Переждав года три, Мурадяны вернулись к своим домам в надежде, что на родине всё изменилось. Ведь в армянских песнях и стихах так и говорится, что ненастные дни обязательно сменятся солнечными. Их можно понять, ведь людям свойственно считать места своего рождения самыми лучшими на земле. Наверное, так устроен человек, что когда он рождается, место рождения свыше отмечается в душе. Но, к сожалению, в Западной Армении к возвращению Мурадянов ничего не изменилось. Разве может зверь измениться по своему мировосприятию, мироощущению? Не знаю, как сейчас, но в тех турках, представлявших власть, не было ничего человечного и доброго по отношению к другим нациям, особенно христианам. Тогда, окружённые со всех сторон, они прибегли к самообороне, но не хватало боеприпасов, и в очередной раз они перешли в Восточную Армению уже в 1915 году, где и нашли себе прибежище. Местные армяне помогли беженцам чем могли, у людей одной нации не должно быть чужой боли.
– А для людей другой нации наша боль должна быть чужой?
– Ни в коем случае. Если у людей есть совесть и душа, то любая боль для них ощутима. Ты думаешь, мало кто помогал армянам в те страшные годы? Нет, я слышала и о хороших курдах, и о хороших турках, кто ценой своей жизни помогал нашим предкам. Закрывать глаза на трагедию народа могут только бездушные существа. Ну, а нам обязательно надо помнить и хорошее. Без благодарной памяти нельзя жить, неправильно…
Когда наступила очередная пауза, я поняла, что надо завершать беседу, и машинально задала вопрос, о котором как-то и не думала:
– Сколько у вас детей, тётя Маник?
– Ну вот ты и подошла к самому главному, что есть у человека на этой земле, – радостно улыбнулась она. – Самое главное в жизни – это чтобы не было войны, чтобы люди жили в достатке, рожали детей и жили счастливо.
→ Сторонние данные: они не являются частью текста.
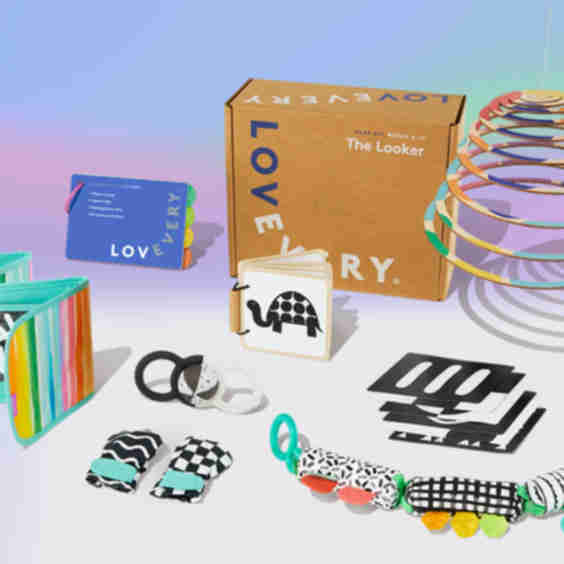 The Looker Play Kit with Bonus Book 'We're Awake'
Я всегда была подмогой своему мужу, Царство ему небесное. Работящим и порядочным человеком он был, хорошим отцом и внимательным мужем. Из села уехали мы в город Ленинакан (Гюмри), вместе с мужем строили дом, вместе сажали сад, вместе растили четверых сыновей…
[1] О Господи (арм.).
[2] Род священников (арм.).
[3] Река Арацани, протекающая по Армянскому нагорью.